Problems started at 7:24 p.m. PDT when there was a "large voltage spike" on the grid used by two of Amazon's data centers. When technicians tried to move to backup power, the diesel-powered generators just didn't work properly at one of the data centers. "The generators started successfully," Amazon now says, "but each generator independently failed to provide stable voltage as they were brought into service."
Judging from Amazon's explanation, the generators may have been powering up, but the switching equipment at the data center didn't think they were ready for a switchover.
Then, to confuse matters more, the power went back on for a few minutes and then failed again, just three minutes before 8 p.m. Seven minutes later, the data center's battery backups started to fail.
Then the data center went dark.
It turns out that an abrupt power outage like that is pretty bad for the cloud. Though the backup generators finally started to restore power just 10 minutes into this second outage (power was fully restored 10 minutes after that), Amazon technicians soon discovered that it was going to take them about three hours to reboot affected servers in the data center and that this delay would be compounded by several bugs in their cloud software that they hadn't known about.

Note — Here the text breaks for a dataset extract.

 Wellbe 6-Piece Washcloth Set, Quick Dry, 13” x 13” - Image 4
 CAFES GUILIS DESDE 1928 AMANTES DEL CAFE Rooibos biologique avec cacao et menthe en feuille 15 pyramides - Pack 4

A bug in their Elastic Load Balancers (ELB) software -- which customers use to spread internet traffic across different Amazon data centers -- caused this important service to get overwhelmed across Amazon. This was the worst possible time for this service to go down, because customers whose programs ran in the downed data center needed this service to redirect internet traffic. ELB "fell increasingly behind in processing these requests; and pretty soon, these requests started taking a very long time to complete," Amazon said in its analysis.
Another bug in Amazon's Relational Database Service kept a "small number" of databases from recovering properly from the power outage. Amazon technicians were able to get things up and running for these customers only when they manually restarted the failover systems, Amazon said.
Conventional storage products are pretty good at recovering from a power failure, but Amazon ran into bottlenecks restoring, for example, its Elastic Block Store services. This is the kind of stuff you learn when you're building what is essentially a new operating system for the internet and nature hands you a sudden power outage.
"Amazon chose to do things themselves, which does give them the advantage of being able to deliver new services," says Justin Santa Barbara, the founder of Amazon customer (and competitor) FathomDB, a cloud-based database service. "The flip side is that things that everyone else has working don't necessarily work for them."
Amazon is working to convince customers that it can do a better job of keeping servers up and running. "We will spend many hours over the coming days and weeks improving our understanding of the details of the various parts of this event and determining how to make further changes to improve our services and processes," the company said on its summary of the outage.
The failing generators had been tested just six weeks previously, but now Amazon says its going to repair and retest the equipment -- and replace it if it's not up to snuff.
The company did not respond on Tuesday to requests for more information on the outage.